En Irak, la coordination entre les différentes forces militaires engagées dans la reconquête de Mossoul est bonne, ce qui est plutôt positif. De même, la coordination entre le gouvernement irakien et les Kurdes est satisfaisante, et les autres éléments militaires, notamment les milices populaires chiites, semblent jusqu’à présent sous contrôle.

Le gouvernement irakien a par ailleurs élaboré un plan pour la gouvernance de Mossoul après la reconquête. Une réunion ministérielle a récemment été organisée à Paris pour faire le point sur la question. Tout cela est bien sûr encourageant, mais à suivre malgré tout de très près.

Au plan humanitaire, le nombre de personnes déplacées depuis Mossoul est à l’heure actuelle sensiblement inférieur à nos prévisions, puisqu’il oscille, selon les estimations, entre 50 000 et 70 0000 personnes.

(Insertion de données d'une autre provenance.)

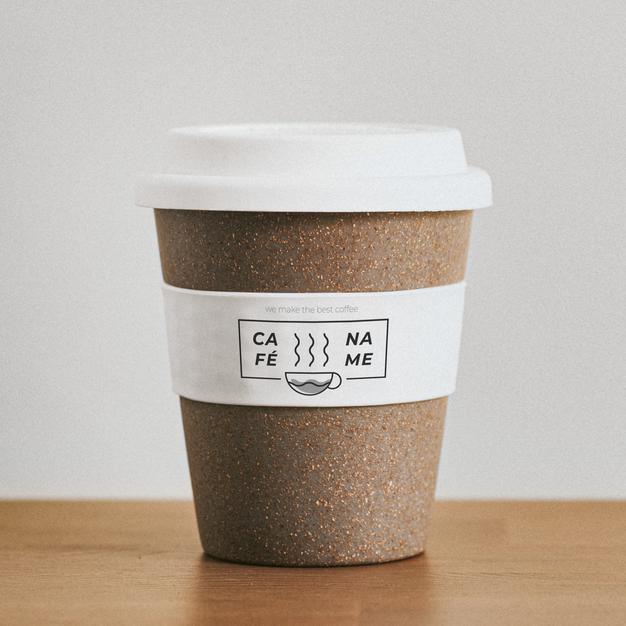 Free Reusable Cork Coffee Cup Mockup Psd
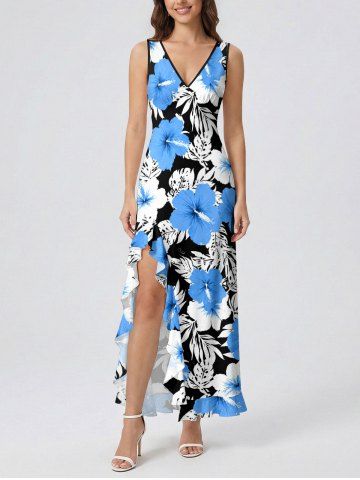 Robe portefeuille hawaïenne à imprimé hibiscus et feuilles tropicales, volants et fente - SKY BLUE - XS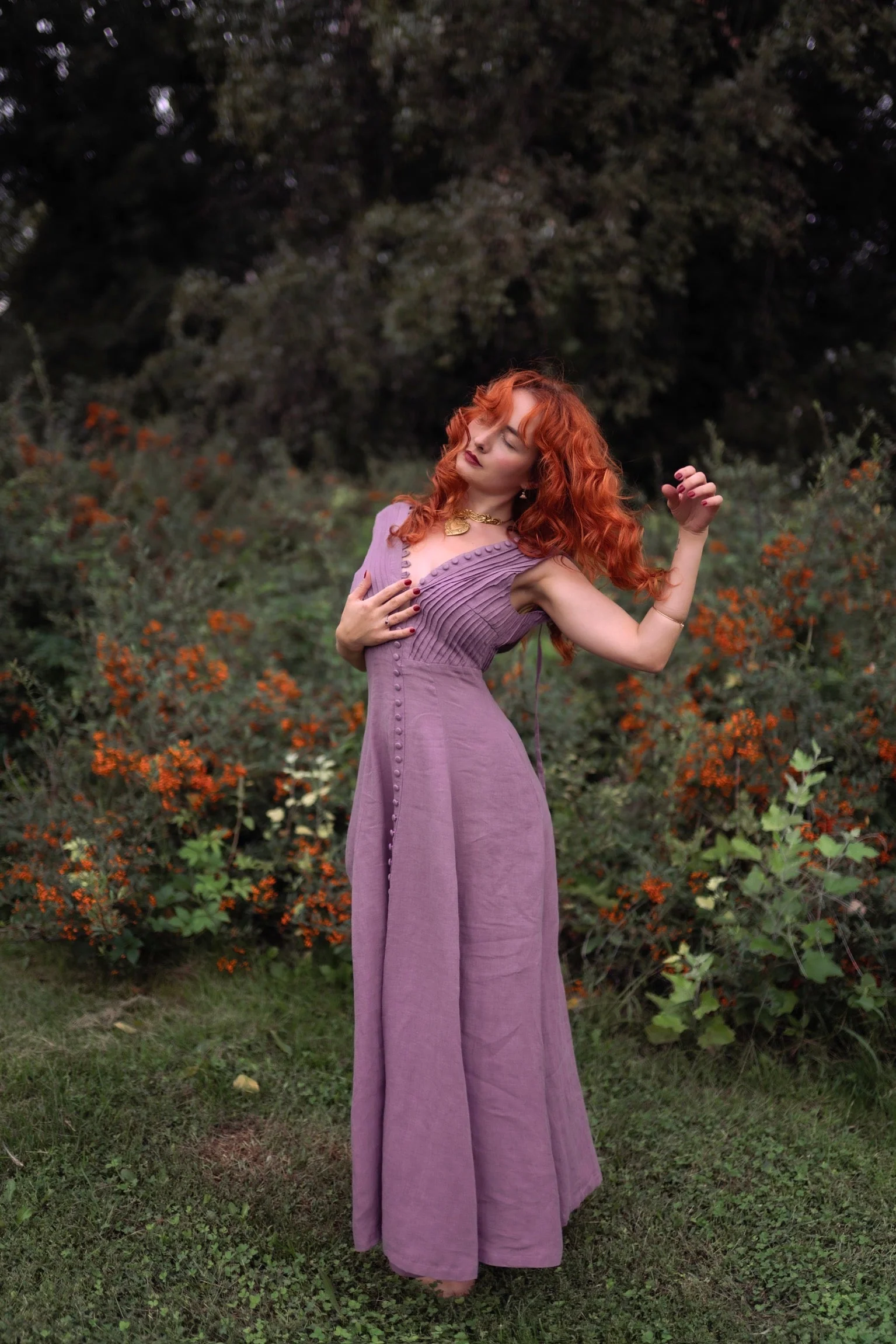 Rebecca 18 | Pleated Maxi Linen Dress - Image 26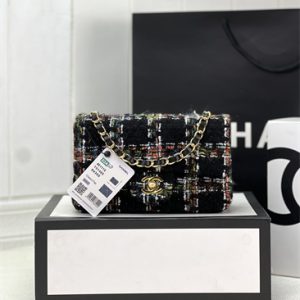 Cha.nel Mini Classic Flap Bag Tweed Gold Tone Metal Black A01116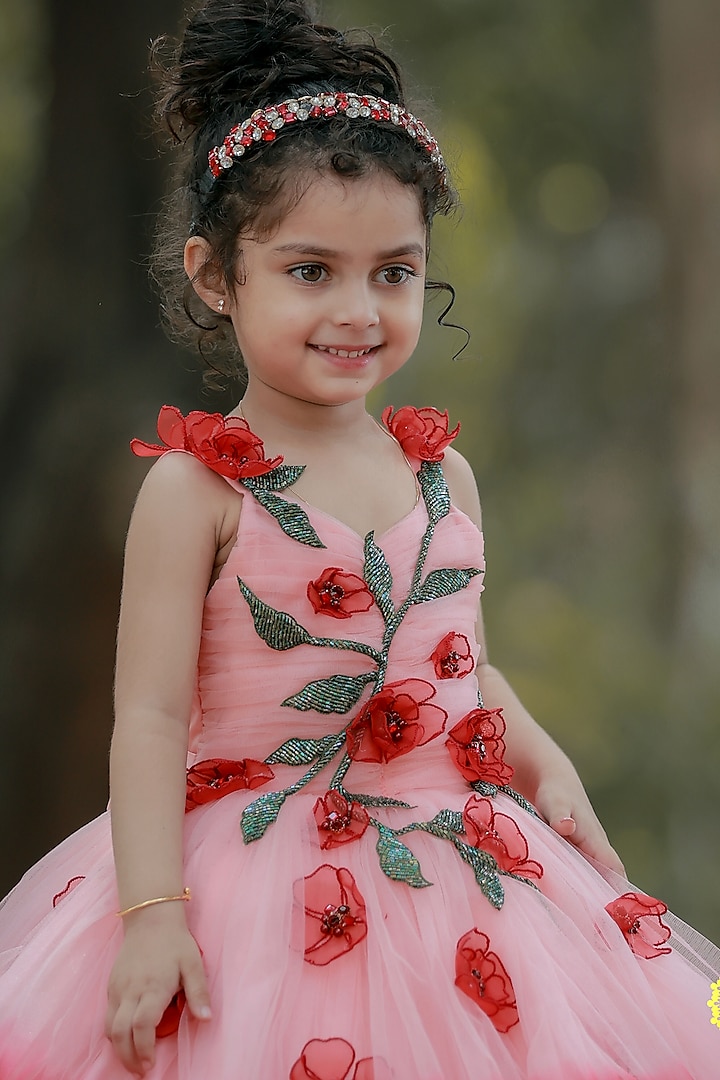 Peach Net & Satin Floral Embroidered Gown For Girls by Li & Li Boutique at Pernia's Pop Up Shop
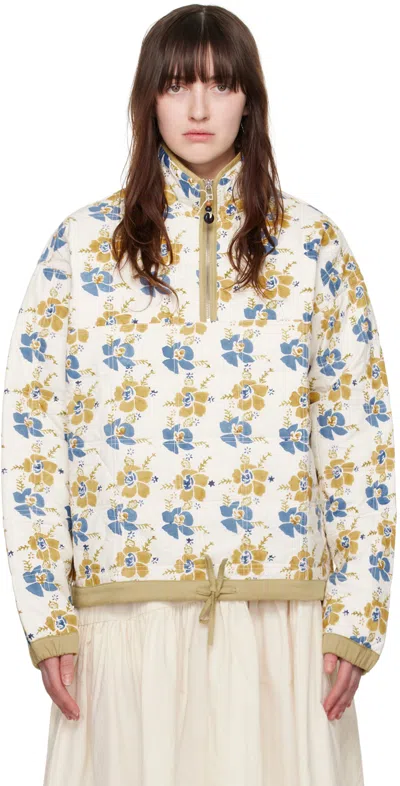 Story Mfg. White Mineral Sweater In Cottage Floral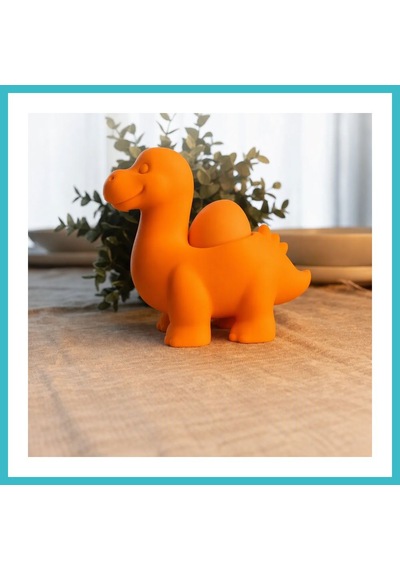 Bezos 3d Baskı Dinozor Yumurtalık - Sevimli Eggosaurus Yumurta Tutucu-turuncu Dfnbez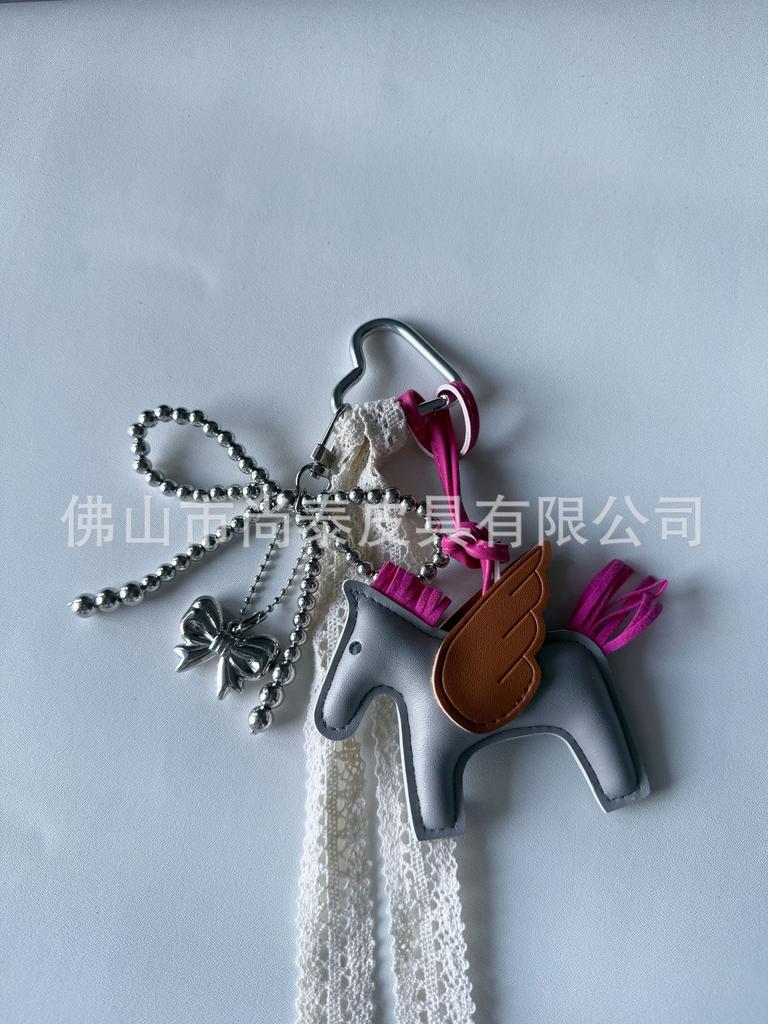 Angel Pegasus Pendant PU Leather Bag Pendant Key Bow Tassel Accessories Cute Cartoon Pendant
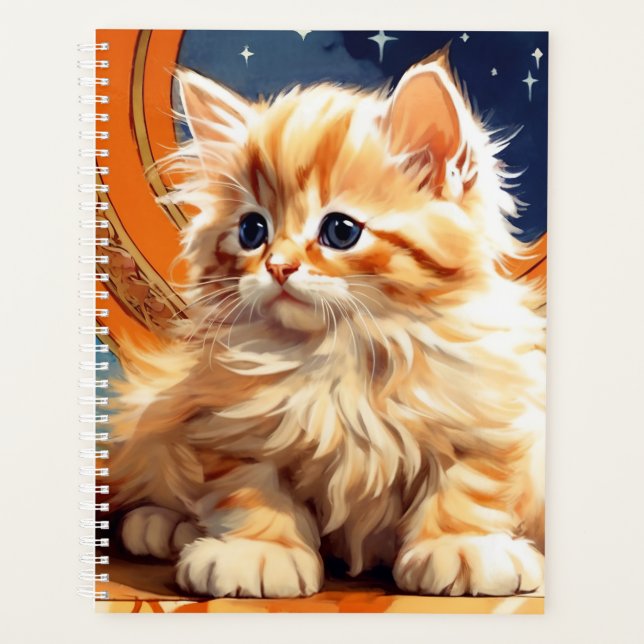 Agenda Alphonse Mucha Art Nouveau Orange Cat (Frente)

Les Nations unies et les différentes agences engagées sont d’ores et déjà en capacité d’accueillir jusqu’à 100 000 déplacés, sachant que des camps supplémentaires sont en cours de construction, ce qui permettra de tripler ou de quadrupler ce nombre.

L’essentiel demeure qu’au-delà des opérations militaires, dont nul ne peut exactement prédire le terme et les conditions dans lesquelles elles s’achèveront, le gouvernement irakien soit capable de restaurer l’unité d’un pays dans lequel les facteurs de tension sont importants, notamment entre les Kurdes, les milices chiites et la Turquie, dont les forces militaires sont présentes au nord-ouest de l’Irak, ce qui suscite de fortes protestations dans la population.

Pour ce qui est du Yémen, j’insisterai d’abord sur la situation humanitaire, extrêmement critique, dans un pays qui est déjà l’un des plus pauvres de la région. Par ailleurs, les protagonistes du Golfe, au premier rang desquels l’Arabie saoudite, souhaitent en finir avec la belligérance. Nos amis saoudiens ont en effet compris qu’il n’y aurait pas de solution militaire, de même que leurs partenaires émiriens, qui semblent s’orienter de plus en plus vers la stricte défense de leurs intérêts et de leur sécurité, en particulier la protection du détroit de Bab-el-Mandeb, leur objectif étant plus largement de contenir la réelle menace que constitue le développement d’Al-Qaïda dans la péninsule arabique.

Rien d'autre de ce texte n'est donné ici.